Kendi tüketimleri dışında üretilenlerin pazara ulaştırılması miktarın az olması, ulaşım güçlüğü, pazarlama olanaklarını olmaması, ambalaj, depolama vb. yetersizlikler küçük üreticinin ve aile işletmelerinin pazara doğrudan erişimini çok güçleştirmektedir. Oysa ki küçük üreticinin bir biçimde tarımsal değer zinciri - TDZ içinde yer alması hem tarımdan kaçışı yavaşlatabilir hem de elde edilecek gelir nedeniyle tarıma ilgiyi arttırabilir. TZD’de yer alabilmek için çözülmesi gereken sorunlara ise tarımsal yenilik platformlarında  - TYP bir araya gelecek taraflarca yenilikçi çözümler bulunabilir.

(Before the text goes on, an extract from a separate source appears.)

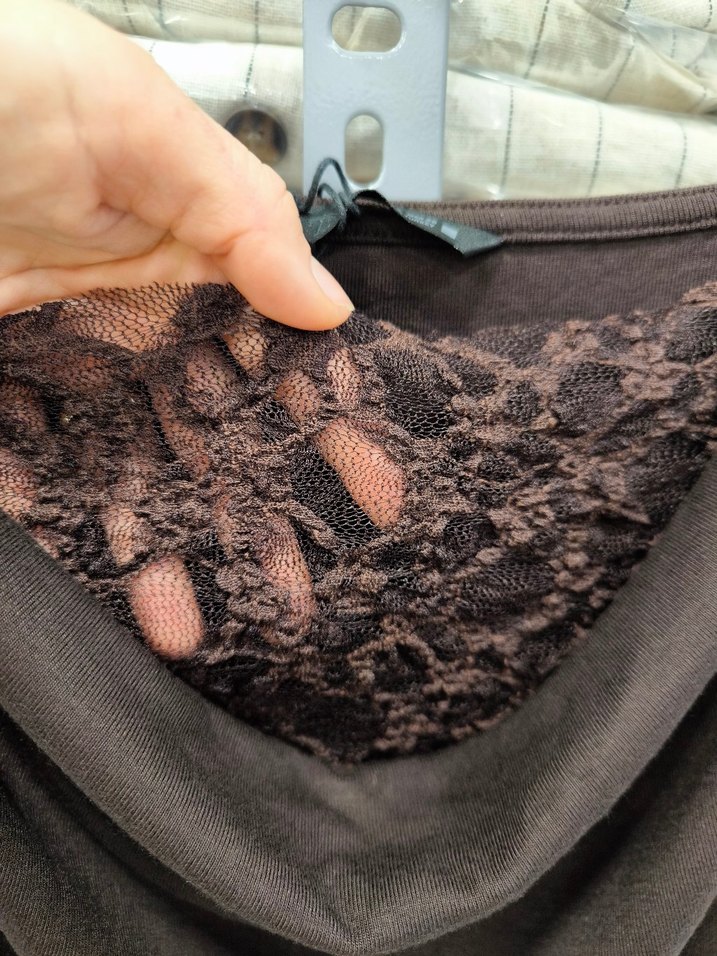 Zara Dantelli Degale Yaka Kahverengi Uzun Kollu Kadın Bluz - Görsel 2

Kadın çiftçilerin özel yeri

Dünyadaki TYP uygulamalarında kadın çiftçilerin özel bir yeri olduğu görülmektedir. Özellikle aile tarımında ve bahçecilikte,  aile ekonomisi ve geleneksel tarım bilgisinin taşınması ve aktarılmasında kadınların önemi öne çıkmaktadır. Köy yaşamında son yıllarda kentlerde görülen kadın ayrımcılığının daha az olması kadınların TYP’lerde daha kolay yer almalarını ve aile ekonomisine katkıda bulunacak faaliyetler içinde olmalarını sağlayabilecektir.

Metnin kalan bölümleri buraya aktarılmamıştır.